EECS Joint Colloquium Distinguished Lecture Series
     
   

Wednesday, March 03, 2004
Hewlett Packard Auditorium, 306 Soda Hall
4:00-5:00 p.m.

Dan Klein

Stanford University

 
 

Unsupervised Learning of Natural Language Syntax

 

Abstract:

   

There is precisely one complete language processing system to date: the human brain. Though there is debate on how much built-in bias human learners might have, we definitely acquire language in a primarily unsupervised fashion. On the other hand, computational approaches to language processing are almost exclusively supervised, relying on hand-labeled corpora for training. This reliance is largely due to repeated failures of unsupervised approaches. In particular, the problem of learning syntax (grammar) from completely unannotated text has received a great deal of attention for well over a decade, with little in the way of positive results. We argue that previous methods for this task have generally failed because of the representations they used. Overly complex models are easily distracted by non-syntactic correlations (such as topical associations), while overly simple models aren't rich enough to capture important first-order properties of language (such as directionality, adjacency, and valence).
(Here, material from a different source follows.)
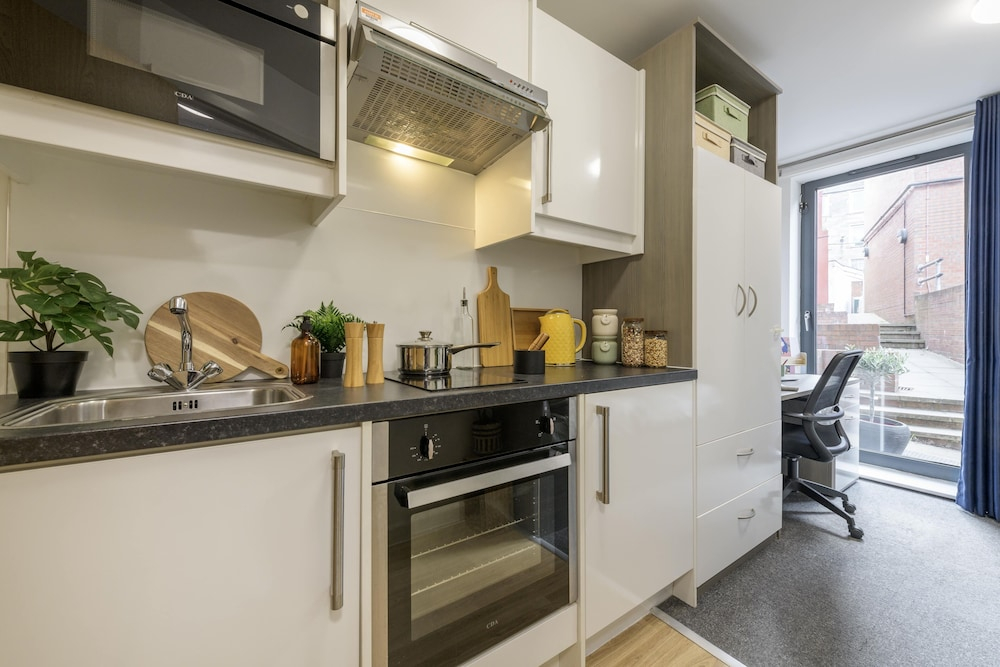 For Students Only Haymarket in Edinburgh - Close to Haymarket Station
We describe several syntactic representations which are designed to capture the basic character of natural language syntax as directly as possible. With these representations, high-quality parses can be learned from surprisingly little text, with no labeled examples and no language-specific biases. Our results are the first to show above-baseline performance in unsupervised parsing, and far exceed the baseline (in multiple languages). These specific grammar learning methods are useful since parsed corpora exist for only a small number of languages. More generally, most high-level NLP tasks, such as machine translation and question-answering, lack richly annotated corpora, making unsupervised methods extremely appealing even for common languages like English.

    Biography:
   

Dan Klein works on unsupervised language induction and large-scale machine learning for NLP, including statistical parsing, information extraction, fast inference in large dynamic programs, and automatic clustering. He holds a BA from Cornell University (in computer science, linguistics, and math) and a masters in linguistics from Oxford University. He was awarded "Best Paper" at ACL in 2003.